# Dave Meers Tricep power



## Rick89 (Feb 27, 2009)

anyone who interested in the iron game here and lifting heavy ass weights will of heard of Dave

he is in many respects one of the best pressers in the uk with the freakiest triceps ever seen

just wanted to share a few vids with the UK-M lads


----------



## Rick89 (Feb 27, 2009)

his triceps really are arm quads

beast!


----------



## Ste7n (Jul 12, 2011)

Your right his tri's are like tree trunks lol... Impressive


----------



## MRSTRONG (Apr 18, 2009)

i was loading and spotting at the england final big dave was in it , think he had 7 or 8 reps of the 150 log for a small guy he is fcuking big .


----------



## shaunmac (Aug 13, 2010)

He's a bit of a brute.


----------



## MRSTRONG (Apr 18, 2009)

he tore his right calf on the tyre flip he strapped it up and carried on like it didnt happen lol mental .


----------



## guvnor82 (Oct 23, 2011)

60kg db extensions is mental


----------



## MattGriff (Aug 21, 2012)

Dave is a top fella, trained and competed with him a few times. Runs a strongman unit in Tamworth and welcomes anyone to come and have a pop.

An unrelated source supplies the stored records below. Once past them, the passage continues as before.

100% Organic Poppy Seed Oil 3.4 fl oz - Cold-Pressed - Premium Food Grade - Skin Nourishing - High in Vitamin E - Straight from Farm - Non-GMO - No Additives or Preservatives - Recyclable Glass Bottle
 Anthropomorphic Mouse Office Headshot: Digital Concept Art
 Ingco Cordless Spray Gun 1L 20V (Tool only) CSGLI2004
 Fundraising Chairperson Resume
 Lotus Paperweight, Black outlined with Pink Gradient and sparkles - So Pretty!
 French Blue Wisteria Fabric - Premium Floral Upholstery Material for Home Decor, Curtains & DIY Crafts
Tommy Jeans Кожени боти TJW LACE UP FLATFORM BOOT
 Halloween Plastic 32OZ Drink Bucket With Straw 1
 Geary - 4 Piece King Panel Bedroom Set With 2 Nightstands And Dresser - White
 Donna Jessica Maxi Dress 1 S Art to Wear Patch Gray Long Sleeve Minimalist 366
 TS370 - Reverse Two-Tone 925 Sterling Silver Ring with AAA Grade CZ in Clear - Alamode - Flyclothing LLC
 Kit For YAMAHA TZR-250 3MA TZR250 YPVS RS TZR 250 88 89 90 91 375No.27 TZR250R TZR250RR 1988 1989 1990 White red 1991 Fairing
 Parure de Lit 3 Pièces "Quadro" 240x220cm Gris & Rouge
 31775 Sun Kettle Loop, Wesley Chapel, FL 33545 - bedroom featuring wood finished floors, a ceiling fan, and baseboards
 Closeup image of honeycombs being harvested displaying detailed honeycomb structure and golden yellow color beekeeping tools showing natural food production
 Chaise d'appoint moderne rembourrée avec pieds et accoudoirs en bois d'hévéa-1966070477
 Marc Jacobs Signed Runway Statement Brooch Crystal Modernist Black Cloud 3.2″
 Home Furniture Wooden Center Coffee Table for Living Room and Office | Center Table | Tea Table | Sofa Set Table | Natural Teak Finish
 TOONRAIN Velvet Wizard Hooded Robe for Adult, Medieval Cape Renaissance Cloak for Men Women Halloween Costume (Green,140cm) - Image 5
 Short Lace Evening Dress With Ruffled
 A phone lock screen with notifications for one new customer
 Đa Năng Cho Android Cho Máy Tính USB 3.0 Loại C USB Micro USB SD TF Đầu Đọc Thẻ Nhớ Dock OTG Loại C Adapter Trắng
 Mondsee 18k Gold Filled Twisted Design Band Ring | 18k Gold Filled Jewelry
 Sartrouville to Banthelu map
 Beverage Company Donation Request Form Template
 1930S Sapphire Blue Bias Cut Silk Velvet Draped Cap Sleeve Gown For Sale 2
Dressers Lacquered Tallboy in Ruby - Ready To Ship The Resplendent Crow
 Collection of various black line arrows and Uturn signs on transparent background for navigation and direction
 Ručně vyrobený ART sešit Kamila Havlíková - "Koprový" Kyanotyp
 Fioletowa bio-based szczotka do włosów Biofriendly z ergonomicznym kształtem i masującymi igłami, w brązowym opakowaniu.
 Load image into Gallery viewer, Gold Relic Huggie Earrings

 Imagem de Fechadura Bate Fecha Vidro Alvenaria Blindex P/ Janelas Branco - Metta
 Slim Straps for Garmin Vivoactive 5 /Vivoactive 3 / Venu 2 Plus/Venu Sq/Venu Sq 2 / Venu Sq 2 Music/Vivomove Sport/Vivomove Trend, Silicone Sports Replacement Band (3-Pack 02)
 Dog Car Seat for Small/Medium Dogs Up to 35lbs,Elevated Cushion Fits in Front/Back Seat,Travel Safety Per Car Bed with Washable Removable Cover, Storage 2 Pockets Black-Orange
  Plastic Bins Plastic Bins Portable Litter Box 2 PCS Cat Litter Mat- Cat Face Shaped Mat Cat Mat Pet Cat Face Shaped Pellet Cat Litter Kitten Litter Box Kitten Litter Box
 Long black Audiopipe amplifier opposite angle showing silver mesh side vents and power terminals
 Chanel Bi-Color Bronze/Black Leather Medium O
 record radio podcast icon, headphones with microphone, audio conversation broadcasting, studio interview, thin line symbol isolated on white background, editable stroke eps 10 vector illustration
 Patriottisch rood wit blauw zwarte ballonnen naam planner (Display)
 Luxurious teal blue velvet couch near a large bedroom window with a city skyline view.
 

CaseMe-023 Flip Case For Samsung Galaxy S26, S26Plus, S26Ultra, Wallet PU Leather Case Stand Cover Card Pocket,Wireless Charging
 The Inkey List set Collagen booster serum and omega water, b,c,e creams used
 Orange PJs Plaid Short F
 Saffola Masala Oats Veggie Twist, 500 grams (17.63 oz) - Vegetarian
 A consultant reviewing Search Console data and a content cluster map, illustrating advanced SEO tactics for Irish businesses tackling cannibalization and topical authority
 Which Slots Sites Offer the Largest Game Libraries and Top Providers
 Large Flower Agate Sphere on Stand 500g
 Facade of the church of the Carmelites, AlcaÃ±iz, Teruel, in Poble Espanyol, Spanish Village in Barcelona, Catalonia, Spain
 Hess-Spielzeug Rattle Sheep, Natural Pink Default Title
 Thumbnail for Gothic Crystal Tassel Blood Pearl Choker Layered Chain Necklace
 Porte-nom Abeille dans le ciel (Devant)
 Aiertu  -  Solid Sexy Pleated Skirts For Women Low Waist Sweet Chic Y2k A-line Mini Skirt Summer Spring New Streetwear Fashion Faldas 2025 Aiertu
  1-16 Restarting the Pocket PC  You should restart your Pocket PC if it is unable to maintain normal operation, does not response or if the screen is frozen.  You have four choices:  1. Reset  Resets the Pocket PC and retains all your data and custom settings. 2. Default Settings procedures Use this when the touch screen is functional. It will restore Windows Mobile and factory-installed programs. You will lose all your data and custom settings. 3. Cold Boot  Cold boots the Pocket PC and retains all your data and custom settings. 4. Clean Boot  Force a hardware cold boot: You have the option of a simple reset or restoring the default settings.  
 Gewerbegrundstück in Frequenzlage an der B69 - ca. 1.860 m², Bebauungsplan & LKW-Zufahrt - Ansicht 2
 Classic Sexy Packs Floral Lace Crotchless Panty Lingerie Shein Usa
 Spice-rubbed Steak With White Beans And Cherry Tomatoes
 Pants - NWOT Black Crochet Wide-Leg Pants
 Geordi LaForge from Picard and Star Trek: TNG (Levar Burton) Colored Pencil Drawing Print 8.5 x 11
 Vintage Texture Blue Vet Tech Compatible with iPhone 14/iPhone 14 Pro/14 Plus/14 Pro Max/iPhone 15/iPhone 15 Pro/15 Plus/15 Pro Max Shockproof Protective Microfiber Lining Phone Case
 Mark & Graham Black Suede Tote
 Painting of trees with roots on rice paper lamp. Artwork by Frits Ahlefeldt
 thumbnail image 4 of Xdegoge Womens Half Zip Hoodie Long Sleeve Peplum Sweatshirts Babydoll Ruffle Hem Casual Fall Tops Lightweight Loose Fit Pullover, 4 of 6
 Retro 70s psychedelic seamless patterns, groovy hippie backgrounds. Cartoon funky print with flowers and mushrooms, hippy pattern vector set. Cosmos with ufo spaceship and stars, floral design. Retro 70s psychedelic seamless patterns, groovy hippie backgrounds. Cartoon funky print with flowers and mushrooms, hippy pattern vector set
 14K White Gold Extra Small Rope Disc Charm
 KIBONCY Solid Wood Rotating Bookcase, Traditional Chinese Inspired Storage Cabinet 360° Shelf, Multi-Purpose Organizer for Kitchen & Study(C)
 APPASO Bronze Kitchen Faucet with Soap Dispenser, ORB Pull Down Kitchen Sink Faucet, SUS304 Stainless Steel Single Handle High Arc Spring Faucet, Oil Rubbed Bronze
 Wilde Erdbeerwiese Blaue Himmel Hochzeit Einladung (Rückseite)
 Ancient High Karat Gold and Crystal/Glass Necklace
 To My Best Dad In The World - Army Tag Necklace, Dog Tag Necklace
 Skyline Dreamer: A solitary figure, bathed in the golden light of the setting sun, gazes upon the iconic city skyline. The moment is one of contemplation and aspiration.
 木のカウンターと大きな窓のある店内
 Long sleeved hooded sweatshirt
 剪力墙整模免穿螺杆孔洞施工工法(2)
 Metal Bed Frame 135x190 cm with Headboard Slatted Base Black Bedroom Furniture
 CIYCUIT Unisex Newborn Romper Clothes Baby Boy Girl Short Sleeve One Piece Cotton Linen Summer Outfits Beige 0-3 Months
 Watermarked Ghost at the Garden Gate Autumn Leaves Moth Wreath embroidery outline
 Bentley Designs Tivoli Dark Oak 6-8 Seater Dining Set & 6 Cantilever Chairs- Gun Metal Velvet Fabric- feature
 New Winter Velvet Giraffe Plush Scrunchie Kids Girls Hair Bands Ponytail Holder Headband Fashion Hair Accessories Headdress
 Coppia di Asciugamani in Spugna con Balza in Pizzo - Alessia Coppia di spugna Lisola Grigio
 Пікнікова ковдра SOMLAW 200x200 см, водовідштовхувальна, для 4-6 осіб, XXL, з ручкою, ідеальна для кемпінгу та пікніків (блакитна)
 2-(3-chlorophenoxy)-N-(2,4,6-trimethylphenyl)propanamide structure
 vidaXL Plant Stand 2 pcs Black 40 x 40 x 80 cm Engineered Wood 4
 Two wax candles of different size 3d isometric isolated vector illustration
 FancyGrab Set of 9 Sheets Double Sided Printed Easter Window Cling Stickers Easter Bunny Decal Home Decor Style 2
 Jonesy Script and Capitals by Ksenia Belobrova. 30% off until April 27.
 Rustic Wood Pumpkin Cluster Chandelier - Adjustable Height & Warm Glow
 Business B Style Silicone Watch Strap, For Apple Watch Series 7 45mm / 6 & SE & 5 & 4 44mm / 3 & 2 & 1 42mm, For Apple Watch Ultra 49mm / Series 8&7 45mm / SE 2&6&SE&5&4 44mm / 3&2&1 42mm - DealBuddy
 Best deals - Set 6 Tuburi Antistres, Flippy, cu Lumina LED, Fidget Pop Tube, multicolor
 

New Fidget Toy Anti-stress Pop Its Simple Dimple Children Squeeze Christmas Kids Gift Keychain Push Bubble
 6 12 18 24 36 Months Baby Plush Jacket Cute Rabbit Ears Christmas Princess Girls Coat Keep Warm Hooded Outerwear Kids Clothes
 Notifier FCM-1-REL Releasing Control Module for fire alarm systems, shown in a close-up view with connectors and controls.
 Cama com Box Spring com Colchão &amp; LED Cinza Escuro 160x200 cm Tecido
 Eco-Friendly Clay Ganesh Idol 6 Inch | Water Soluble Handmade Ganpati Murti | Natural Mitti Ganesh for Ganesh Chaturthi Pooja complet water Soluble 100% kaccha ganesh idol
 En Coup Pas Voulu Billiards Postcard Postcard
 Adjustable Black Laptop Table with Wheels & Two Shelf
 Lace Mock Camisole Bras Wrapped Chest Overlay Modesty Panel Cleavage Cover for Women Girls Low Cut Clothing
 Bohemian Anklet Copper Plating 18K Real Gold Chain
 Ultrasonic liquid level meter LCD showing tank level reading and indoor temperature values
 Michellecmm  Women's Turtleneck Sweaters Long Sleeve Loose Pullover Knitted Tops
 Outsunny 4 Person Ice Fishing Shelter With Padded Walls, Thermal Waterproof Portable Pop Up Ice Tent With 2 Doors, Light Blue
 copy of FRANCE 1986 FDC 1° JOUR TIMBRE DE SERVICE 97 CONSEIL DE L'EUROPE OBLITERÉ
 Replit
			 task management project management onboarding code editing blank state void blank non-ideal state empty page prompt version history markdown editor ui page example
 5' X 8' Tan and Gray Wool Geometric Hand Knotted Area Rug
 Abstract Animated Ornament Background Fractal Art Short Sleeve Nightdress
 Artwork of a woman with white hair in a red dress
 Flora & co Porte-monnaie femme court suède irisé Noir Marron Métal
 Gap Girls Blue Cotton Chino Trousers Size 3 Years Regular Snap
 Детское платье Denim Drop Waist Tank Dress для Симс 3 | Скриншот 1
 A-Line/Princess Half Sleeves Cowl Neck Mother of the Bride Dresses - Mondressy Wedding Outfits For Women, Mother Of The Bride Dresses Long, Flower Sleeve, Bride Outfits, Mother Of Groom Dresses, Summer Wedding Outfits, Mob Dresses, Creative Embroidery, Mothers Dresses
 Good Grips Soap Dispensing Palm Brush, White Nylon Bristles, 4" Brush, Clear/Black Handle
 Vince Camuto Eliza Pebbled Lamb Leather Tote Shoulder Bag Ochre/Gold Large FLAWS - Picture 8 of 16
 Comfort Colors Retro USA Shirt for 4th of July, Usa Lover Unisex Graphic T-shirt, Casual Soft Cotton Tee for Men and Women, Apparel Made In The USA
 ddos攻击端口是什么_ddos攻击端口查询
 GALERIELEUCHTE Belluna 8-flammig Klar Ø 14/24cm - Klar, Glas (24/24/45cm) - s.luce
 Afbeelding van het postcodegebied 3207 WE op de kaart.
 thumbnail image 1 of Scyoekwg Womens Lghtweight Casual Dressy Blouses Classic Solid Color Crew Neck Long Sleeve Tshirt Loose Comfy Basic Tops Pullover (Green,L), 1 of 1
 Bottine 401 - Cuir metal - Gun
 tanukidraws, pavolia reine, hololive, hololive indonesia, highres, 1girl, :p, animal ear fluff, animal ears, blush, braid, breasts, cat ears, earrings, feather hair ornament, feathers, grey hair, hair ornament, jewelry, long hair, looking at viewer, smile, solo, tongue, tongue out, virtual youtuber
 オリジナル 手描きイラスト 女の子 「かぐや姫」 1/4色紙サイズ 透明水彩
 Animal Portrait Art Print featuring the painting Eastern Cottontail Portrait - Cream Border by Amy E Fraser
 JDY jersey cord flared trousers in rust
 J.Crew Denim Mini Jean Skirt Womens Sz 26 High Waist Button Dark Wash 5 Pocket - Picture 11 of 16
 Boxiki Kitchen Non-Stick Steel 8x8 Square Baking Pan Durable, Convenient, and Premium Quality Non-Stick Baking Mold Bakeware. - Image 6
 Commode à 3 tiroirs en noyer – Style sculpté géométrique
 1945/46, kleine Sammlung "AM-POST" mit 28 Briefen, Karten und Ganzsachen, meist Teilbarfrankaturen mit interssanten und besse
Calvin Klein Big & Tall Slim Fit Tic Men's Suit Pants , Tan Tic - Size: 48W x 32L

He said to me last time I saw him he was going to retire from strongman into Powerlifting - and with his circa 400kg raw squat, 260ish bench and 370ish deadlift raw he will be a force to reakon with.


----------



## Rick89 (Feb 27, 2009)

MattGriff said:


> Dave is a top fella, trained and competed with him a few times. Runs a strongman unit in Tamworth and welcomes anyone to come and have a pop.
> 
> He said to me last time I saw him he was going to retire from strongman into Powerlifting - and with his circa 400kg raw squat, 260ish bench and 370ish deadlift raw he will be a force to reakon with.


awesome mate

he certainly is a huge lifter, his legs and arms dont resemble that of a human

would love to see some of his squatting


----------



## animal adam (Sep 1, 2010)

That's insane!


----------



## dusher (Jul 8, 2008)

Incredible. I thought I was doing good at 30kg. Blokes a beast


----------